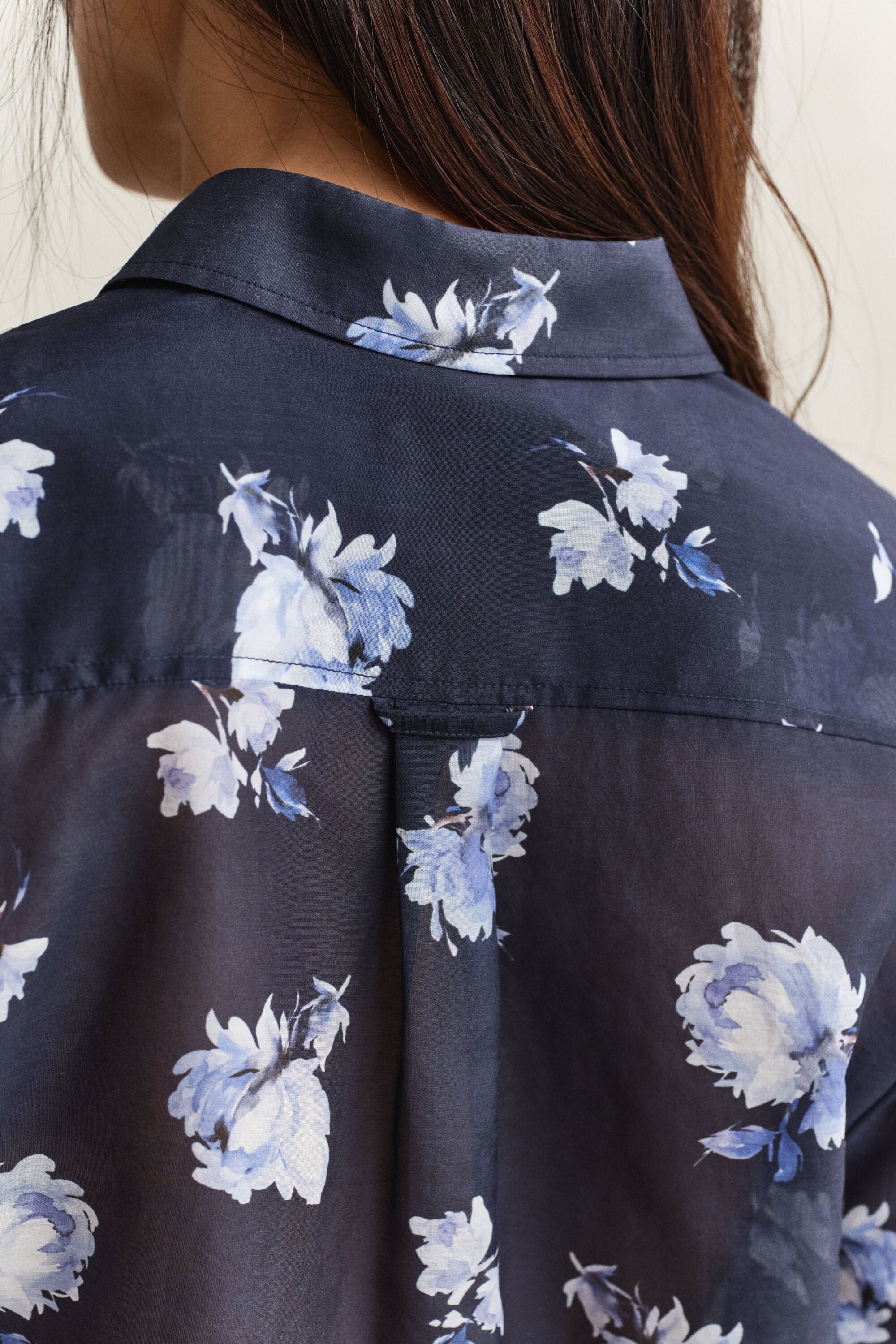 Camisa em algodão e seda com estampado Floral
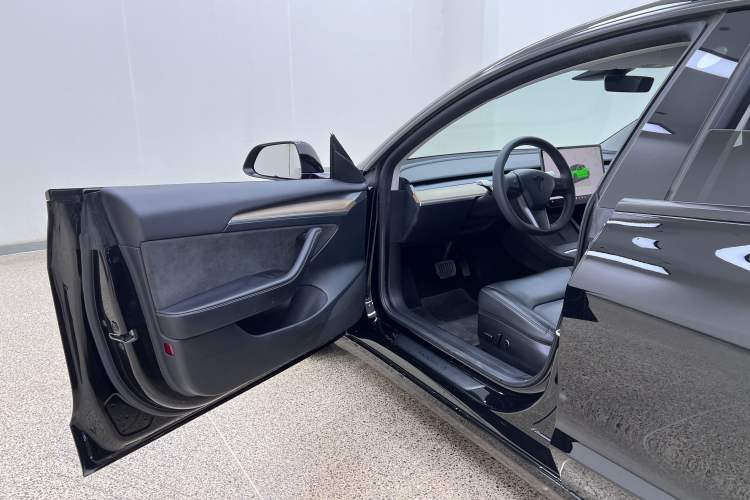 Used Tesla Model 3 2022 Rear-Wheel-Drive Version Interior 3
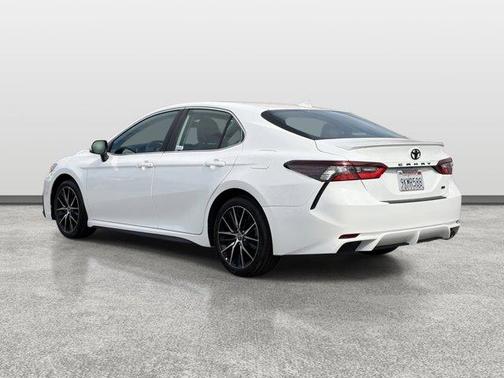 Ice 2024 Toyota Camry SE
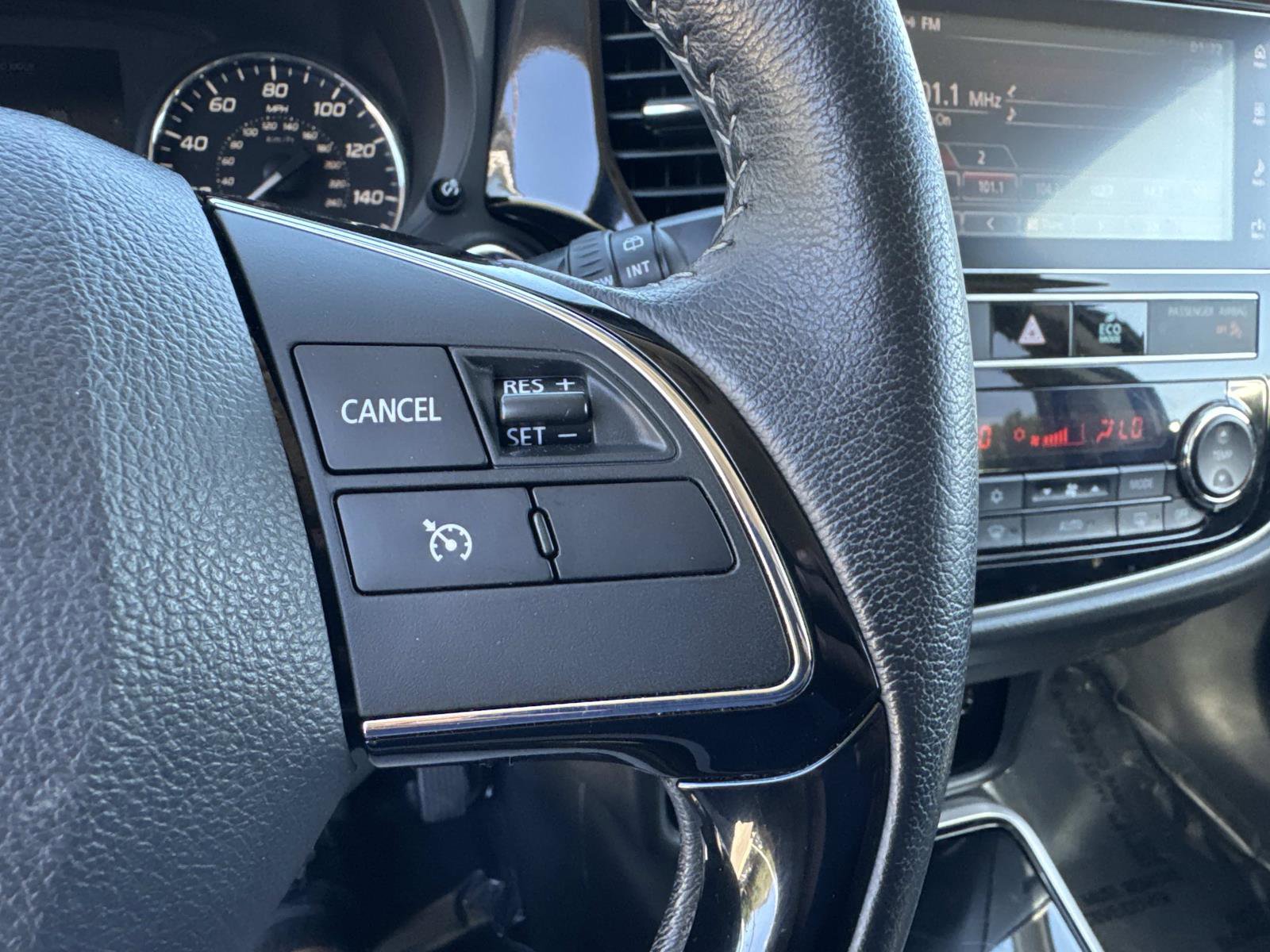 Used 2019 Mitsubishi Outlander SE image 18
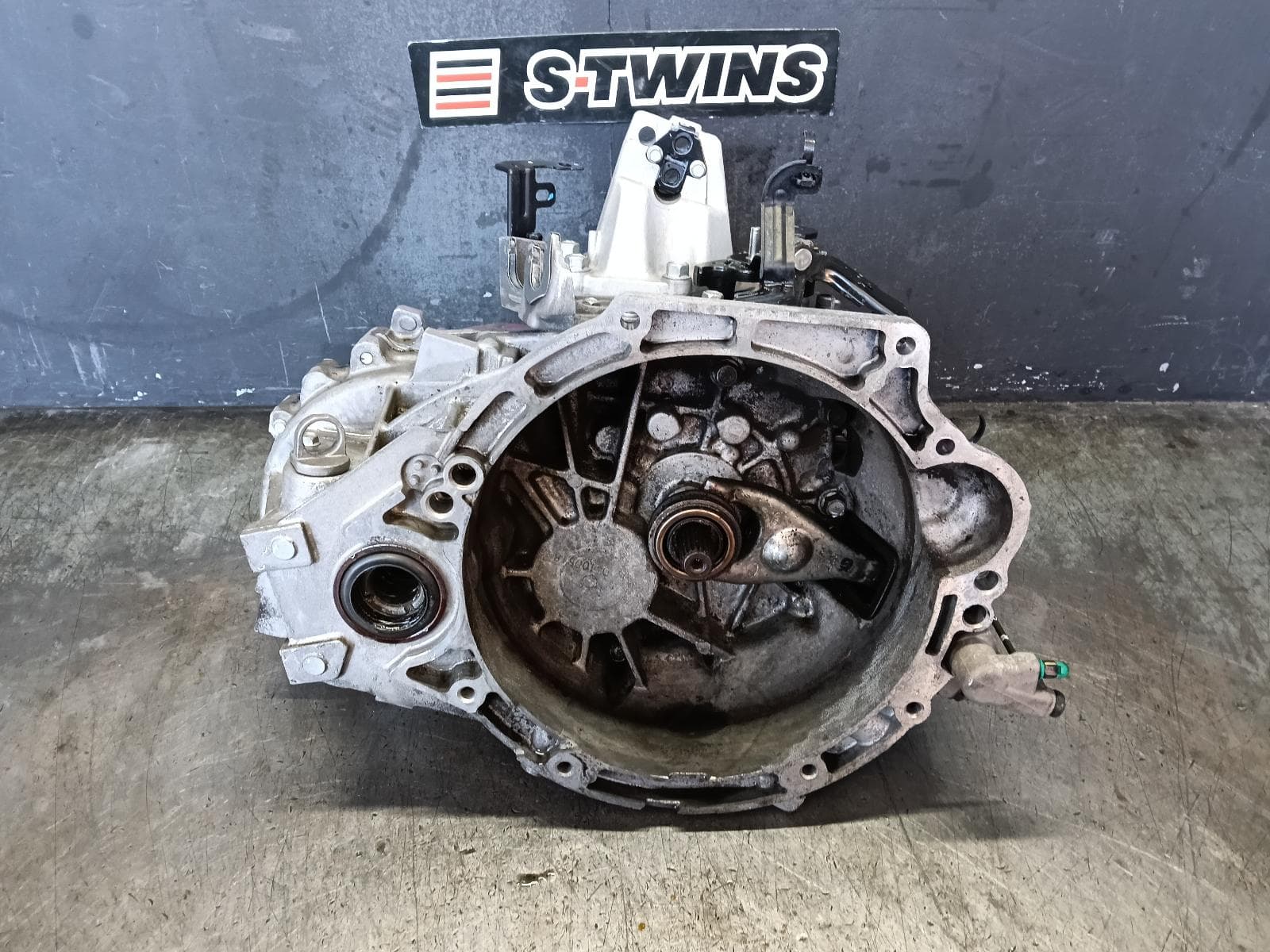 Used auto part listing image: 2018 HYUNDAI I30 TRANS GEARBOX MANUAL, PETROL, 2.0, G4NC, HATCH (S. KOREA VIN KMHH), PD, 03/17-12/23 0000428954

- - -

[Goal of the exercise] Once the line holding "Ice 2024 Toyota Camry SE" is found, copy it and each later line exactly through the end of the data, leaving out the pictures.

[Reply to the exercise]
 Ice 2024 Toyota Camry SE
 Used 2019 Mitsubishi Outlander SE image 18
 Used auto part listing image: 2018 HYUNDAI I30 TRANS GEARBOX MANUAL, PETROL, 2.0, G4NC, HATCH (S. KOREA VIN KMHH), PD, 03/17-12/23 0000428954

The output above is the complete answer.